JUSTICE DELAYED, JUSTICE DENIED
(Week of October 12, 2009)
Sitting in my chambers on the third floor of our historic courthouse I am eye level with Lady Liberty who leads the soldiers and sailors who are eternally vigilant in the cause of justice.
The four servicemen face the corners of the compass ever alert to threats against freedom. The Lady and the guardians of our liberties do not quake from the thunder nor shiver from the cold rain. They represent what is best in us, unflinching fortitude in the battle for equality.
But it is the one hundred and thirty-first anniversary of our most shameful episode and the impressive memorial to honor and sacrifice is mocked by the lack of even the most basic recognition of the deaths of Daniel Harrison, Sr., William Chambers, Jim Good, Edward Warner and Jeff Hopkins.
Societies develop legal systems and build courthouses to protect individuals from other individuals, to protect individuals from governmental tyranny and to protect individuals from mobs.

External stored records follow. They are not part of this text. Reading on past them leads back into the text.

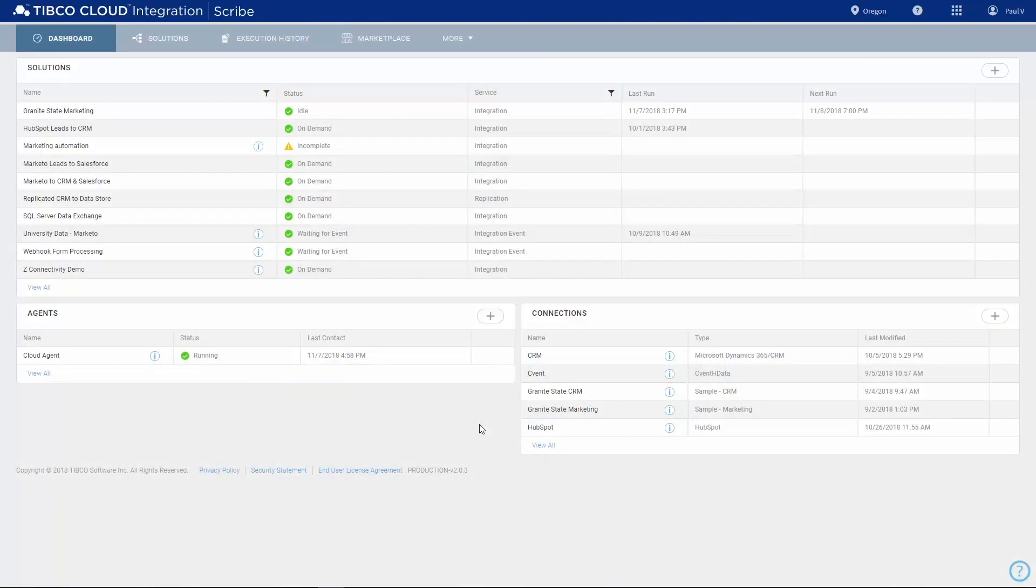This video will introduce you to TIBCO Cloud Integration, the integration platform as a service that helps you connect business applications quickly and easily.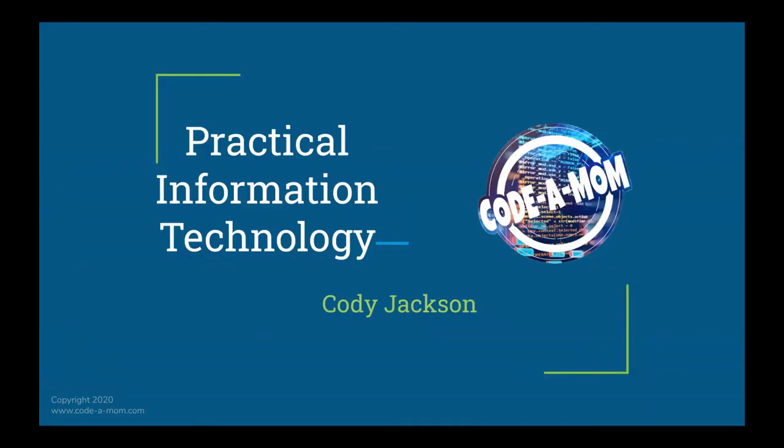Hi there, this is Cody Jackson with Codamom and this time I'm going to change things up and we're going to talk about general information technology principles rather than programming.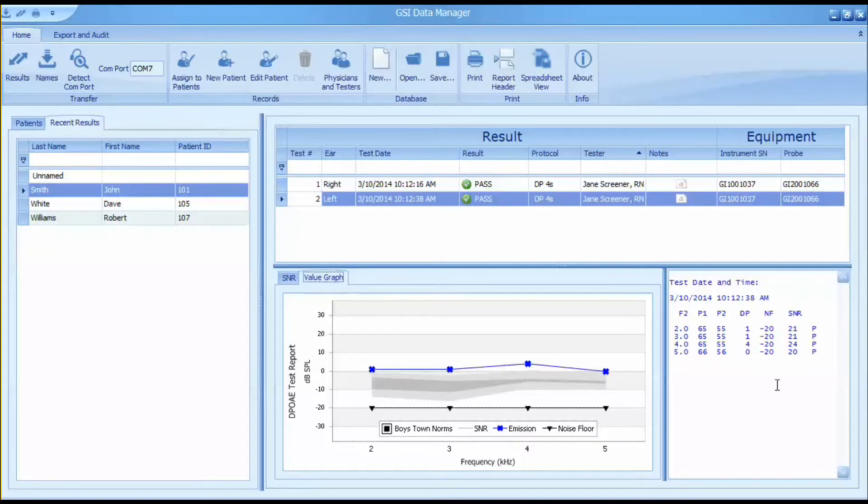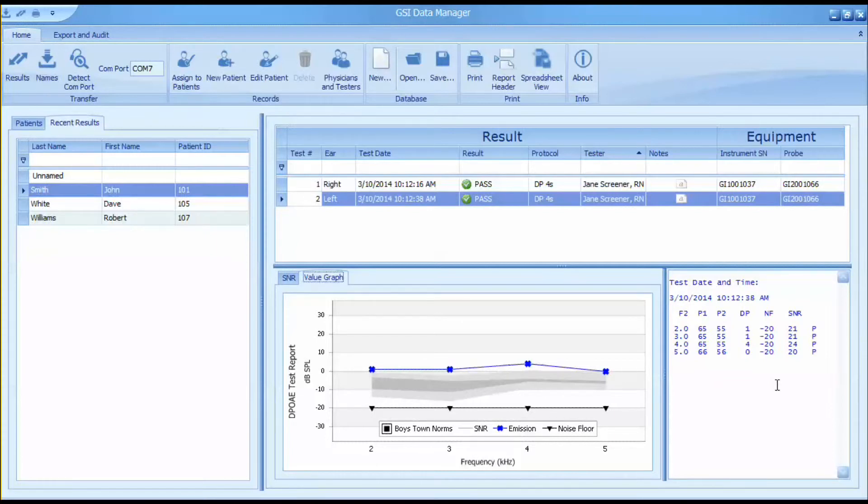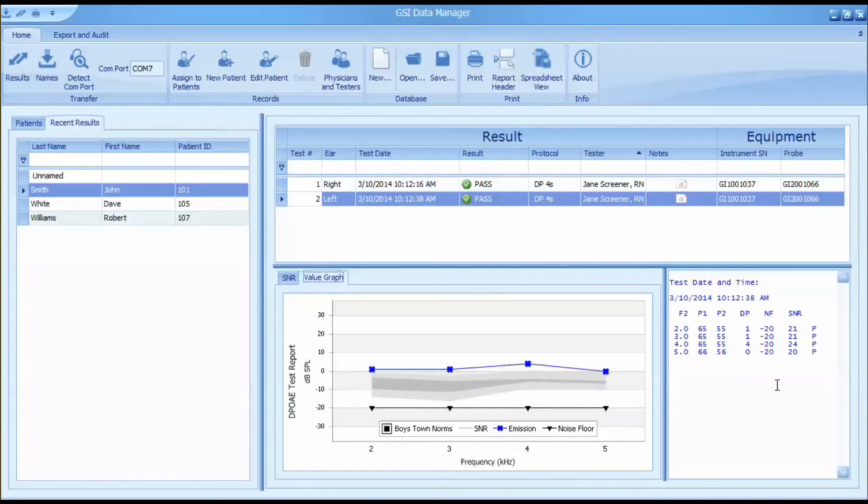Finally, the numerical data is always displayed on the right side which shows all the specific test information including L1, L2, TE or DP level, noise floor, etc. All three of these results will appear in the OAE report.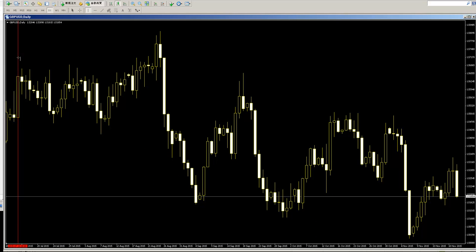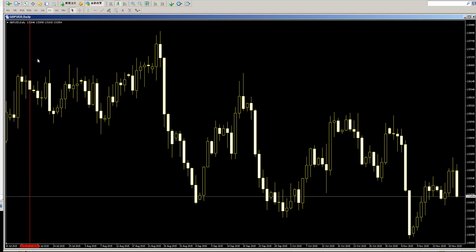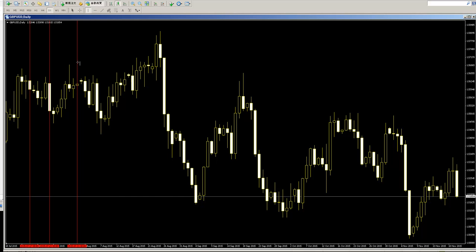Here is engulfing next bar sell entry, you can take profit. Here is engulfing next bar sell entry, you can take profit. Here is engulfing next bar sell entry, you can take profit. Here is engulfing next bar sell entry, you can take profit. Here is engulfing next bar sell entry, you can take profit.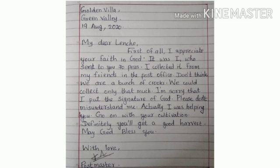The postmaster explains: 'It was I who sent you 70 pesos. I collected it from my friends in the post office who work with me. You don't misunderstand us — we could collect only that much money. I am sorry that I put the signature of God.' The postmaster regrets using God's signature and says he really wanted to help.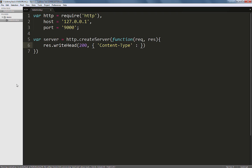The content type lets your browser know what kind of content is coming its way. These are also called MIME types. We'll set this one to text/html here.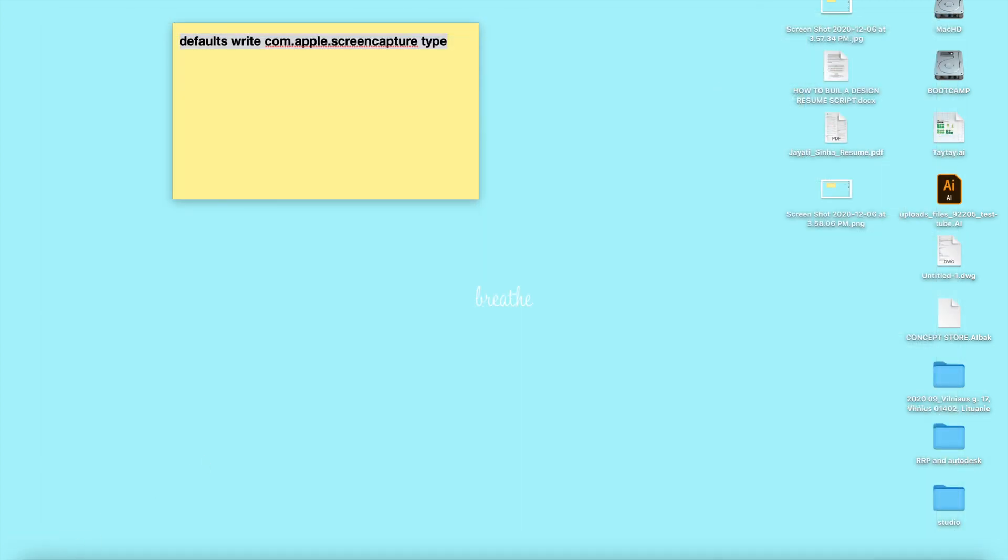Then check the format of the screenshot right here - it says PNG. So yeah, this is how it's done. I hope this was helpful, thank you.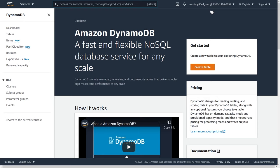In the indexes section you can always create a global secondary index after table creation. You can specify read and write capacity on that index separately from your table's capacity. In the monitoring section, you'll see key metrics: read usage, read throttles — throttles occur when you're trying to use more capacity than DynamoDB has allocated to you. Write usage and write throttles are also shown, along with latency metrics. Typically you'll see less than 10 milliseconds on gets and puts.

During the week of October 7-12, 1878, a mob comprised of “two to three hundred of Posey County’s best men” engaged in a reign of terror against our Negro minority. This was not a random one-time failure, but an organized military type of operation to circumvent the law.
It was encouraged by the newspapers and sanctioned by the leaders in the legal and political communities. There has never been any atonement for the murders that were committed on the campus of our seat of justice. Nor has there ever been any attempt at reparations to the Negro families who were driven from their properties on threat of death.
At a minimum, the wrongs should be acknowledged and the names of the victims commemorated. A logical place to start would be an attempt to discover the remains of Daniel Harrison, Sr., who was “butchered like a hog and his body parts thrown into the jailhouse privy”. As the jail was then on the southeast side of the courthouse campus, he may still be there awaiting justice.